# ISYS613 - Data Sourcing and Quality
## Exam 1 - Fall 2022

## Instructions
For this exam, you are being asked to complete several unrelated
Python development activities. Each activity contains all of the information necessary to
complete the activity. If you believe that an unstated assumption is required to complete the
activity, please clarify your assumptions in the form of a comment.

For each of the questions below. Craft your solution in the single code cell that immediately
follows the question.

### Use only python standard library modules and packages (i.e., no 3'd party packages such as Pandas)
**You may use only python standard library modules** in the construction of your solutions.
If a python library module is not cataloged on The Python Standard Library web
page (https://docs.python.org/3.7/library/) then, you **may not use** the library module in
your solutions. I.e., no 3'd party packages such as Pandas.

### Solution Integrity
This exam is open-book, open-note. That said, you are to complete this exam
on your own.  Please do not discuss the exam with another individual.

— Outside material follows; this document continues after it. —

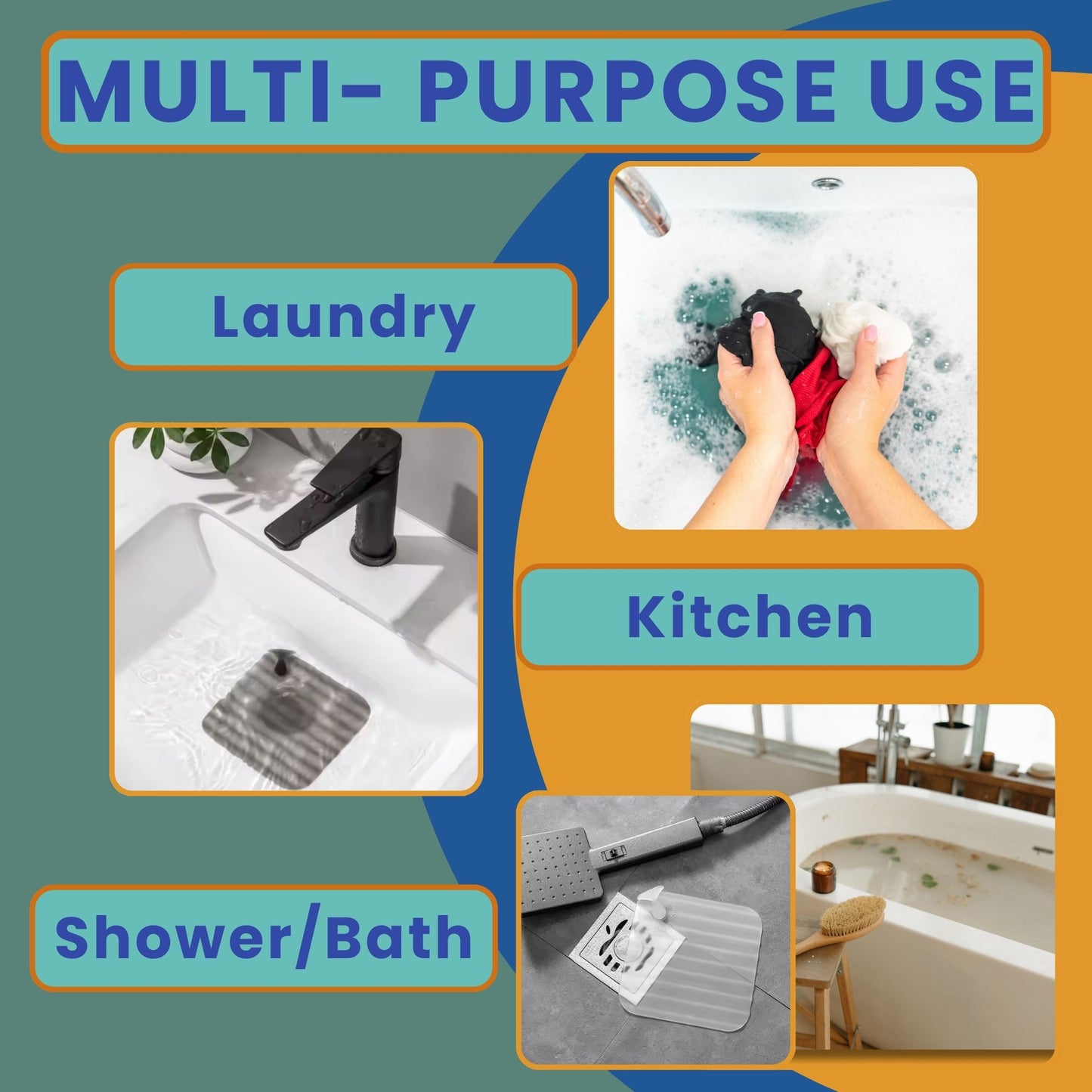 Travel Laundry Detergent Sheets (30 count) Bathroom Sink Stopper and Foldable Laundry Bag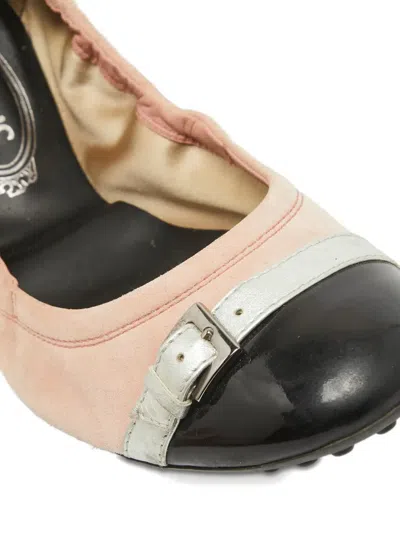 Pre-owned Tod's Vintage  Patent Leather Buckled Ballet Flats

In general, one should not use concepts not yet covered in our course to complete the activities below.
Similarly, do not use concepts you do not fully understand.  Translation - using a search engine
to construct your solutions is tedious, error prone, and most importantly, does not 
demonstrate your ability to solve problems!

## Question_1
Open and examine, but do not edit, the data in the BaseballPlayersData.csv file.  The file contains UTF-16 encoded
semi-colon (;) delimited data for over 1000 baseball players. Data for each player appears in the
rows of the file.  The following attributes are available for each player:

* name
* team
* position
* inchheight
* lbsweight,
* age
* 5 years of batting average data (batavg1, batavg2, batavg3, batavg4, batavg5).

### Programming Tasks

1. Using the csv python module, ingest the data from the BaseballPlayersData.csv file. Pay special
attention to the field data. Although the CSV informational standard indicates that space characters
appearing within a field are to be considered field data, in this case space characters should not be
considered as part of the field data.  Do not alter the input file to resolve this issue.
2. Which player by *name*, is the tallest (ie., greatest *inchheight*) and what is their height?
You may assume player names are unique.
3. Which player by *name* boasts the greatest 5 year batting average.  You may assume that each player
has played the same number of games in each of the 5 years of their batting average
data (ie, batavg1,..,batavg5) thus, making the "average of averages" a legitimate metric.
You may also assume all players have 5 years of batting average data and that the
values are interpretable as floating point numbers.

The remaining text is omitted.